イラスト:カワムラナツミ
日本人の平均寿命は延び続け、老後の時間は長くなるいっぽう。収入が減る60歳以降で想定しておきたい、お金の出やすいタイミングとは? 「老後問題解決コンサルタント」として、高齢者が考えるべき”お金”の問題にアドバイスしている横手彰太さんにお話をうかがいました。(構成=吉川明子 イラスト=カワムラナツミ)

不測の出来事にも傾向がある

私は不動産会社の社員です。これまで1000人以上の物件オーナーから、相続にまつわる相談を受けてきました。相続相談とは、すなわちお金の相談。話を聞くうち、その人にあったお金の使い方や残し方など、広い視点からアドバイスしなければ問題の解決には至らないことに気づきました。

そこで人生後半に必ず訪れるといっていい認知症や介護に関する知識も得て、今は「老後問題解決コンサルタント」としても活動しています。

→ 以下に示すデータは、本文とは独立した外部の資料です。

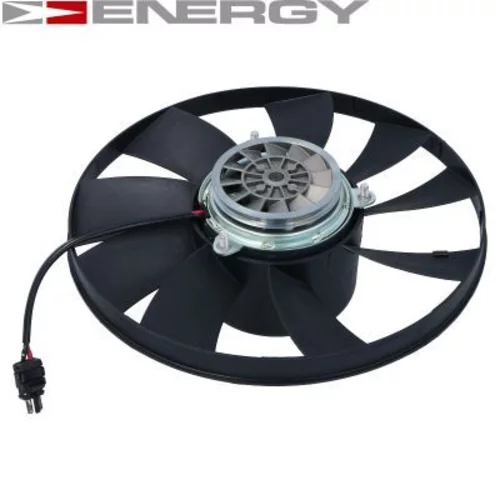 Ventilátor chladenia motora ENERGY EC0055 - obr. 1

私は相談者にアドバイスする際、各種研究結果や調査データなどをもとに、老後に何が起こるかを予測した年表を提示しています。職歴や家族構成などで個人差はあるものの、定年退職、年金受給、病気や認知症の発症などは多くの人に同様に降りかかってくる出来事です。漠然とした不安を持つだけではお金の対策は難しい。

病気やケガのような不測の出来事もあるとはいえ、「統計上、このくらいの年齢でこのような問題が起こる」という傾向は、明らかに存在します。それを知っておけば、逆算して準備することが可能だと思いませんか。年表には、あえてマイナスな出来事を取り上げていますが、被害を回避したり最小限に留めることができれば、老後はけっして暗くありません。